Squeeze the shallots hard with your hands and drain. Place the salad leaves on a plate. From a height, sprinkle over the shallots and the crumbled Roquefort. Scatter over the crumbled walnuts – it’s really nice if they’re still a bit warm from being toasted. I like to drizzle over the dressing at the table. Finish by throwing over some torn-up chive or allium flowers, if you have them.

Blackberry tart

First you will need to grease a 28cm/11 inch loose-bottomed tart tin with a little butter. To make your pastry, cream together the butter, icing sugar and salt and rub in the flour, vanilla seeds, lemon zest and egg yolks – you can do all this by hand or in a food processor. When the mixture looks like coarse breadcrumbs, add the cold milk or water. Pat and gently work the mixture together until you have a ball of dough, then flour it lightly. Don’t work the pastry too much, otherwise it will become elastic and chewy, not flaky and short as you want it to be. Wrap the dough in cling film and place in the fridge for at least an hour. Remove it from the fridge, roll it out and line your tart tin. Place in the freezer for an hour. Preheat the oven to 180ºC/350ºF/gas 4 and bake the pastry case for around 12 minutes or until lightly golden.

To make the filling, split the vanilla pod in half lengthways and scrape out the seeds by running a knife along the inside of each half. Put the mascarpone, cream, vanilla seeds, sugar and grappa into a large bowl and whip until shiny. Have a taste – you should have an intensely rich, fluffy and lightly sweetened cream with a fresh hint of grappa. If you can’t get grappa, you can do it without, or add a swig of vin santo instead.

Once the pastry has cooled, get yourself a spatula and add the sweetened cream to the pastry case. Smear it all round so it’s reasonably level, then cover it with the berries – place them lightly on the cream, no need to push them in. If you want to be a bit more generous than this, feel free, and if you want to mix your berries you can do this too. Next, in a small pan, melt down a couple of tablespoons of jam with 3 or 4 tablespoons of water. Stir until it becomes a light syrup, then, using a clean pastry brush, lightly dip and dab the fruit with the jam.

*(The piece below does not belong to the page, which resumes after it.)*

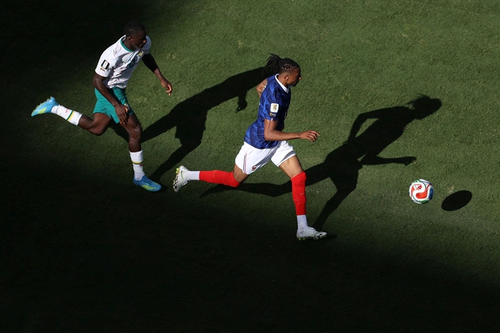 Olise có màn trình diễn ấn tượng ở World Cup 2026. Ảnh: AP 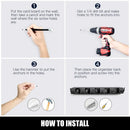 Wall Mounted Mop Holder 5 Position Broom Hanger Kitchen Storage Organizer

Sprinkle with the baby mint leaves before eating. Great served either as one large tart or as small individual ones. Lovely with your afternoon tea. Either serve straight away or place in the fridge until you’re ready to eat it.

Blackberry and apple pie

First, make your pastry dough, wrap it in clingfilm and rest it in the fridge for at least half an hour. Then preheat the oven to 180°C/350°F/gas 4. Put the butter and sugar into a saucepan and, when the butter has melted, add the apples, stem ginger and a tablespoon of the ginger syrup. Slowly cook for 15 minutes with a lid on, then add the blackberries, stir and cook for 5 more minutes with the lid off.

Meanwhile, remove your pastry from the fridge. Dust your work surface with flour, cut the pastry in half and, using a floured rolling pin, roll one of the pieces out until it’s just under 1cm thick. (Rolling the dough between two layers of greaseproof paper will also stop it sticking to your rolling pin.) Butter a shallow 26cm pie dish and line with the pastry, trimming off any excess round the edges using a sharp knife.

Tip the cooled apples and blackberries into a sieve, reserving all the juices, then put the fruit into the lined pie dish so you have a mound in the middle. Spoon over half the reserved juices. Brush the edge of the pastry with beaten egg. Roll out the second piece of pastry, just as you did the first, and lay it over the top of the pie. Trim the edges as before and crimp them together with your fingers. Brush the top of the pie with the rest of the beaten egg, sprinkle generously with sugar and the cinnamon, and make a couple of slashes in the top of the pastry.

Place the pie on a baking tray and then put it directly on the bottom of the preheated oven for 55 to 60 minutes, until golden brown and crisp. To serve, slice the pie into portions and serve with a generous dollop of custard.